◆ ASSIGNED TASK
The records below are to be restated word for word, with every picture left out.

(MATERIAL SHOWN)

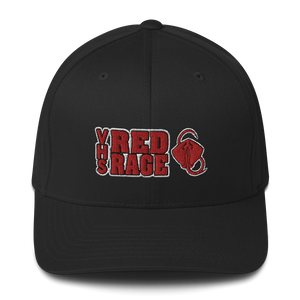 VHS RED RAGE Baseball Structured Twill Cap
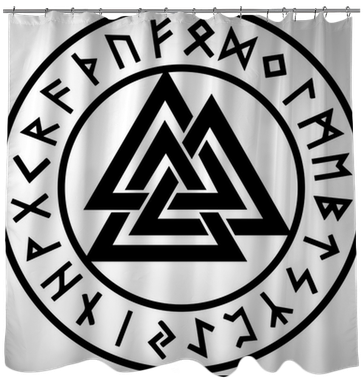 Valknut, Runen Kreis, Odin Symbol, Dreieinigkeit Shower - Valknut Symbol (400x400), Png Download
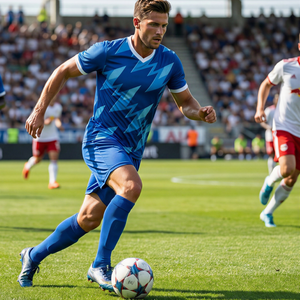 Uniformes de Fútbol Profesionales Personalizados, Conjunto de Camiseta de Fútbol Sublimada, 100% Poliéster, Diseño de Bajo Costo, Kits de Entrenamiento para Hombre, Secado Rápido - Product Image 2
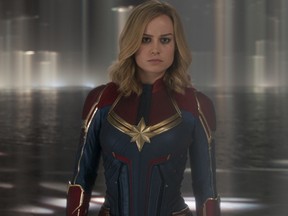 Brie Larson as Captain Marvel. (Marvel Studios)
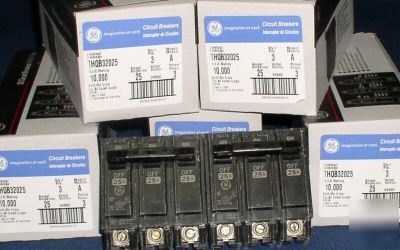 New ge #THQB32025 in box 3P/240V/25AMP bolt-on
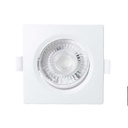 Ojo de Buey Led Escualizable Cuadrada 5W 110/240V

(End MATERIAL SHOWN)

◆ TASK OUTPUT
 VHS RED RAGE Baseball Structured Twill Cap
 Valknut, Runen Kreis, Odin Symbol, Dreieinigkeit Shower - Valknut Symbol (400x400), Png Download
 Uniformes de Fútbol Profesionales Personalizados, Conjunto de Camiseta de Fútbol Sublimada, 100% Poliéster, Diseño de Bajo Costo, Kits de Entrenamiento para Hombre, Secado Rápido - Product Image 2
 Brie Larson as Captain Marvel. (Marvel Studios)
 New ge #THQB32025 in box 3P/240V/25AMP bolt-on
 Ojo de Buey Led Escualizable Cuadrada 5W 110/240V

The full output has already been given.